L-R: Adenike Oyebamiji, Meshack Mutuku, Olajumoke Odudimu, and Jonathan Nwanze, at the recent
Velex Advisory sponsored GTSA in Nairobi, Kenya

L-R: Adenike Oyebamiji, Meshack Mutuku, Olajumoke Odudimu, and Jonathan Nwanze, at the recent Velex Advisory sponsored GTSA in Nairobi, Kenya

Jonathan Nwanze, Finance and Tax Manager at Velex Advisory, dissects Nigeria’s new tax laws and reveals how they will shape the gaming industry 

Four new bills were recently signed into law on June 26, 2025. These laws are: the Nigeria Tax Act (NTA), the Nigeria Tax Administration Act (NTAA), the Nigeria Revenue Service Act (NRSA) and the Joint Revenue Board Act (JRBA). However, it is essential to highlight aspects that affect the gaming industry, including the lottery, casino, sports betting, and other games of chance.

Value-added tax 

In line with the judgement, in the case of Tourist Company of Nigeria Plc Vs Federal Inland Revenue Service Appeal No. TAT/LZ/VAT/033/2018, value-added tax (VAT) of 7.5% applies to sport betting/casino, as gambling, a game of chance, is deemed a supply of service. The VAT Act describes “entertainment to include any exhibition and performance in which admission of people is subject to payment by such persons.” It further explains that “supply of services” means any service provided for a consideration.

Per VAT computation, it notes that the most rational thing is to allow the casino to deduct the total winnings paid out, from the total bets paid in, after which the VAT percentage is applied”, which may result in “either liability due from it or refund due to the casino”.

The new tax reform law now allows businesses providing services to claim input VAT, which was not previously allowed. Therefore, gaming/sport betting companies can now claim input VAT for services incurred and claim VAT refund where input exceeds output. This new position, explicitly enshrined in the new tax act, will benefit gaming companies where gaming revenue for a particular period is negative.

Personal Income Tax computation 

The Nigeria Tax Act (NTA) allows for tax exemption for employees or individuals earning an income and gain of NGN 800,000 or less per annum. The new computation formula indicates increased rates for higher-income earners. Also, compensation for loss of employment or injury has an increased tax exemption threshold (N10 million to N50 million). Personal allowances and reliefs have been expunged from the law.

Corporate Income Tax and Exemption for Small Businesses

Businesses with a turnover of not more than N50 million and a total fixed asset of less than NGN 100 million are now categorised as small businesses and are exempt from Corporate Income Tax (CIT), Capital Gains Tax (CGT), and Development Levy. There is a reduction of CIT from 30% to 25% for larger companies.
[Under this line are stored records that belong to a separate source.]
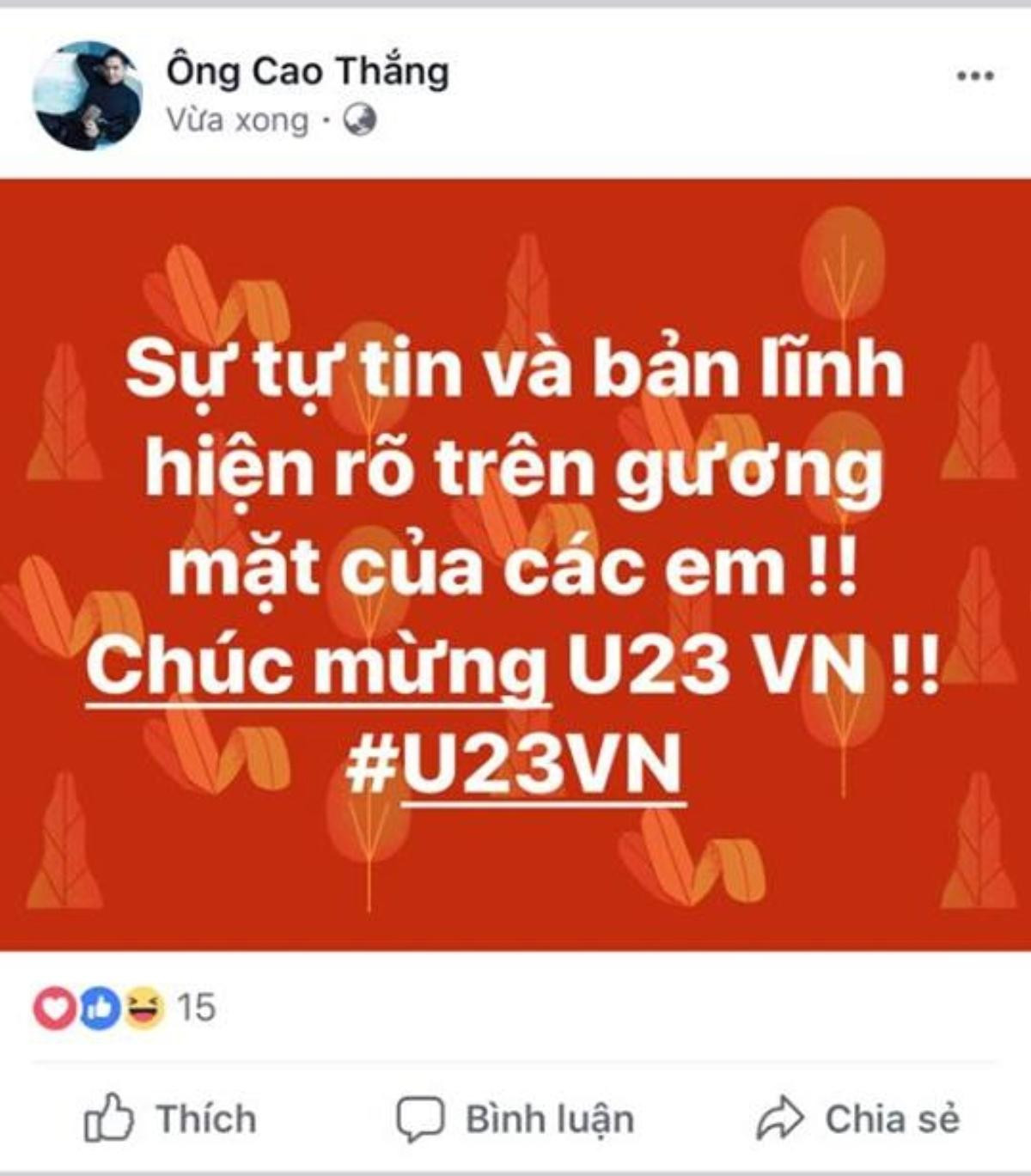 Sao Việt đồng loạt 'ăn mừng' U23 Việt Nam lần đầu vào bán kết giải châu Á trên Facebook Ảnh 1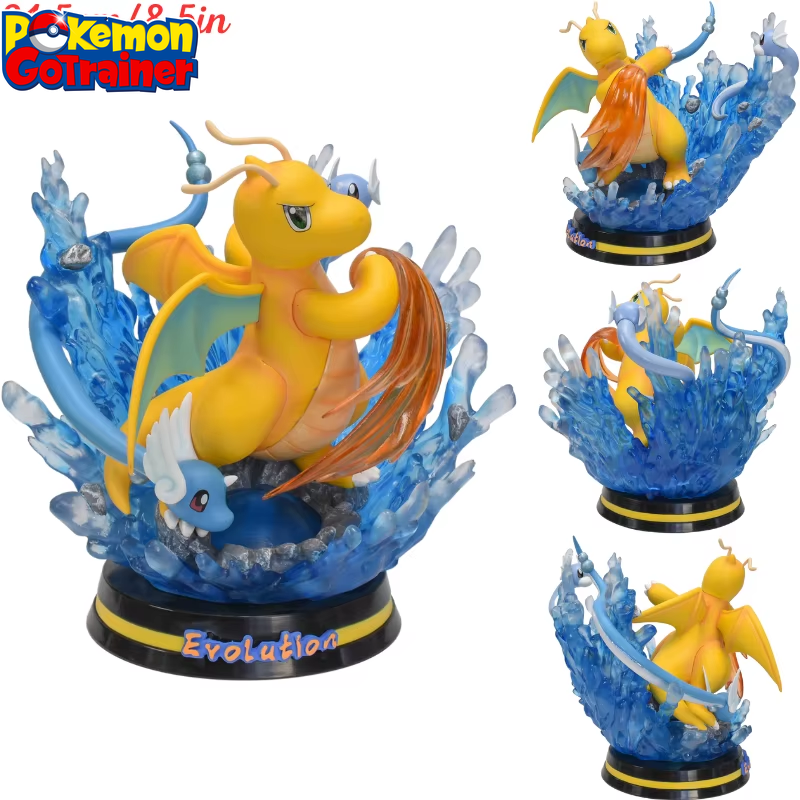 🐉 8,5" Dratini, Dragonair & Dragonite Family Professional Pokemon Evolution Figure Set, LED Light 💡 PVC Model Deluxe Collection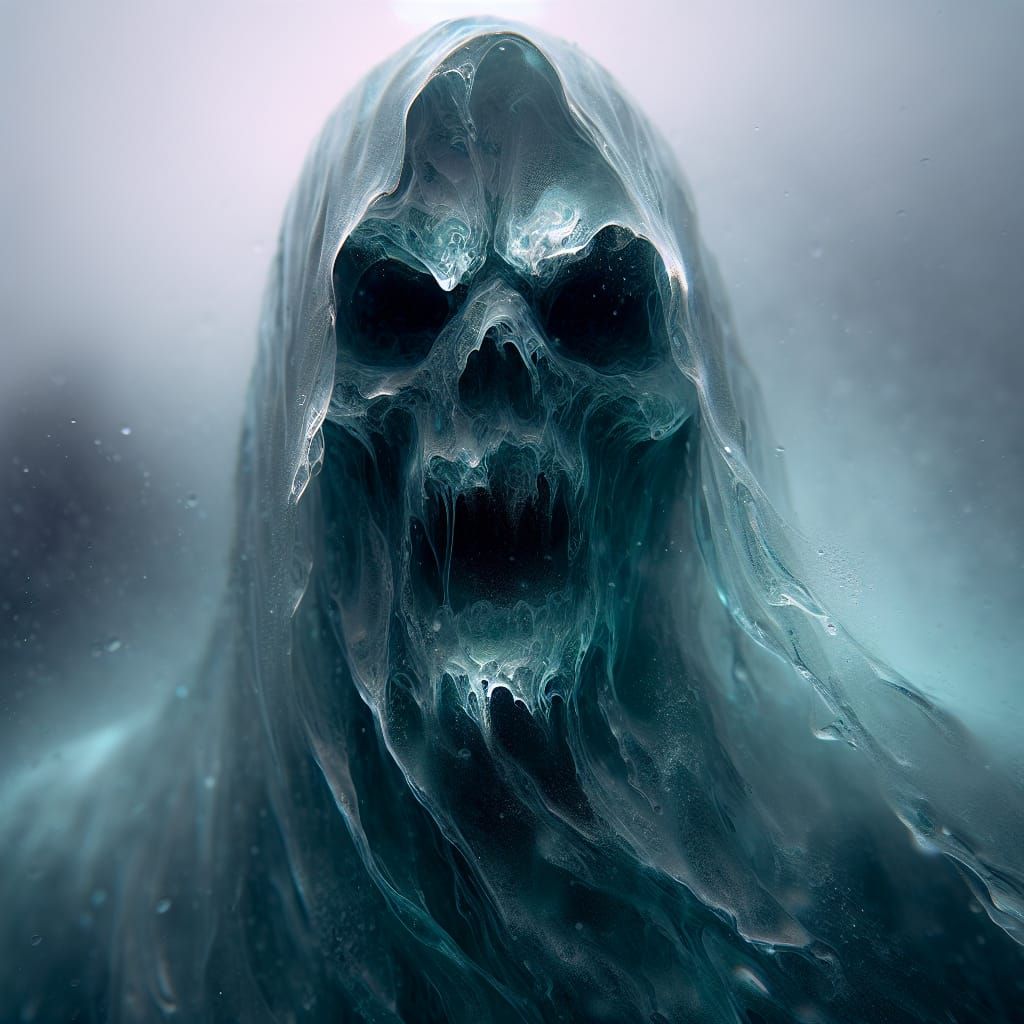 Ethereal Ghostly Figure Emerges from Mist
Development levy and unification of other taxes

The new tax laws introduce a development levy of 4% on assessable profit (i.e., profit before tax, depreciation, and losses). This levy replaces the multiple taxes on assessable profit, such as the Tertiary Education Tax (TET) and the Police Trust Fund (PTF) levy. It unifies all levies into one, as a development levy.

Tax ombuds office

Independent body charged with the arbitration of complaints relating to taxes, levies and fees, etc. This body is established to monitor the activities of the Nigeria Revenue Service (NRS), formerly the Federal Inland Revenue Service (FIRS), and protect the rights of taxpayers.

These are some of the highlights that are noteworthy to operators and regulators in the gaming business: sports betting, casinos, lotteries, and other games of chance. The laws take effect at the start of 2026. The tax landscape continues to evolve, and it is important that betting businesses are compliant with the new tax laws.